[Start of Attachment]
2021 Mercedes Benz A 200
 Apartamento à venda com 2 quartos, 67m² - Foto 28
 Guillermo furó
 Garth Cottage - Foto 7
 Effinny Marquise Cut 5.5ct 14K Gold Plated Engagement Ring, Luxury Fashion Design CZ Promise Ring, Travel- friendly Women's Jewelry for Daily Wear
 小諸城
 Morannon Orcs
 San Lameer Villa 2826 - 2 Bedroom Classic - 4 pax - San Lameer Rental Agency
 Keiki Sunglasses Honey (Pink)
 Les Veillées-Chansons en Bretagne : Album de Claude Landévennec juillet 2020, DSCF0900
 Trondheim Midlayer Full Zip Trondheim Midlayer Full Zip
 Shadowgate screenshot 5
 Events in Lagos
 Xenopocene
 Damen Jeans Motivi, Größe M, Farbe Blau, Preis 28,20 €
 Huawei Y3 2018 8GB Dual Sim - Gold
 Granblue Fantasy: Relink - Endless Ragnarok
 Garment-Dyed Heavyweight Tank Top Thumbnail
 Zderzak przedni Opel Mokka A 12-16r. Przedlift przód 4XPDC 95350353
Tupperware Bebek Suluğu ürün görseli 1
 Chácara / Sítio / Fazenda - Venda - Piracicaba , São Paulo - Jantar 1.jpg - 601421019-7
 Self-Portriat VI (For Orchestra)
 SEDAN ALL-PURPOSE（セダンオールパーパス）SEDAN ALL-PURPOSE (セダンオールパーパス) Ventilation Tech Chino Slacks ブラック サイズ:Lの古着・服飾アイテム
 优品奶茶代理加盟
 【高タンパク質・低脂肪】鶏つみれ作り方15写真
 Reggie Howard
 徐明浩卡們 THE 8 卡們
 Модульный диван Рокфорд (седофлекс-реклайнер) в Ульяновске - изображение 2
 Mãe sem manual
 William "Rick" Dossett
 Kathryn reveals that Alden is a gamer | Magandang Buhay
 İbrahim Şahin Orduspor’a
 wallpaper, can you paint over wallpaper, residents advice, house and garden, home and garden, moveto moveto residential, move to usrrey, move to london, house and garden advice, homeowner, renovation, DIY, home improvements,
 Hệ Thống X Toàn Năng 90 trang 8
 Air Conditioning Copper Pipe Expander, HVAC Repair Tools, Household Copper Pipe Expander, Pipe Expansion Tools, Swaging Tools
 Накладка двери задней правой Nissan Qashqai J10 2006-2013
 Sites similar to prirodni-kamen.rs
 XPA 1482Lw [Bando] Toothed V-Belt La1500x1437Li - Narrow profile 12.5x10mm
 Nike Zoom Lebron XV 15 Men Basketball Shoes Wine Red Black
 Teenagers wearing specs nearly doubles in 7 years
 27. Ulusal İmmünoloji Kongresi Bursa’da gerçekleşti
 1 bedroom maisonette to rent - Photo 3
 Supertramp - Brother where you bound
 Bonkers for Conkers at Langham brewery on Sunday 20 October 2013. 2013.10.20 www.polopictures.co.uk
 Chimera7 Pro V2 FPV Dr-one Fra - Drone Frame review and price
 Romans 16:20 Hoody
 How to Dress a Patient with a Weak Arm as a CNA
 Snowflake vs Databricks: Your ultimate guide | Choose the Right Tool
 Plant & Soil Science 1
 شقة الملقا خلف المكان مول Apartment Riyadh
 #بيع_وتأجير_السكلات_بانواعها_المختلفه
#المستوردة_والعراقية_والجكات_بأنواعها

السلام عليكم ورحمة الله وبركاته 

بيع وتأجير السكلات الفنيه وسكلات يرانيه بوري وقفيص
[End of Attachment]
◆ YOUR ASSIGNMENT: When copying the data above, please keep exactly the lines from its first line through the line with "Tupperware Bebek Suluğu ürün görseli 1", both ends included, and drop the rest.

◆ REPLY:
2021 Mercedes Benz A 200
 Apartamento à venda com 2 quartos, 67m² - Foto 28
 Guillermo furó
 Garth Cottage - Foto 7
 Effinny Marquise Cut 5.5ct 14K Gold Plated Engagement Ring, Luxury Fashion Design CZ Promise Ring, Travel- friendly Women's Jewelry for Daily Wear
 小諸城
 Morannon Orcs
 San Lameer Villa 2826 - 2 Bedroom Classic - 4 pax - San Lameer Rental Agency
 Keiki Sunglasses Honey (Pink)
 Les Veillées-Chansons en Bretagne : Album de Claude Landévennec juillet 2020, DSCF0900
 Trondheim Midlayer Full Zip Trondheim Midlayer Full Zip
 Shadowgate screenshot 5
 Events in Lagos
 Xenopocene
 Damen Jeans Motivi, Größe M, Farbe Blau, Preis 28,20 €
 Huawei Y3 2018 8GB Dual Sim - Gold
 Granblue Fantasy: Relink - Endless Ragnarok
 Garment-Dyed Heavyweight Tank Top Thumbnail
 Zderzak przedni Opel Mokka A 12-16r. Przedlift przód 4XPDC 95350353
Tupperware Bebek Suluğu ürün görseli 1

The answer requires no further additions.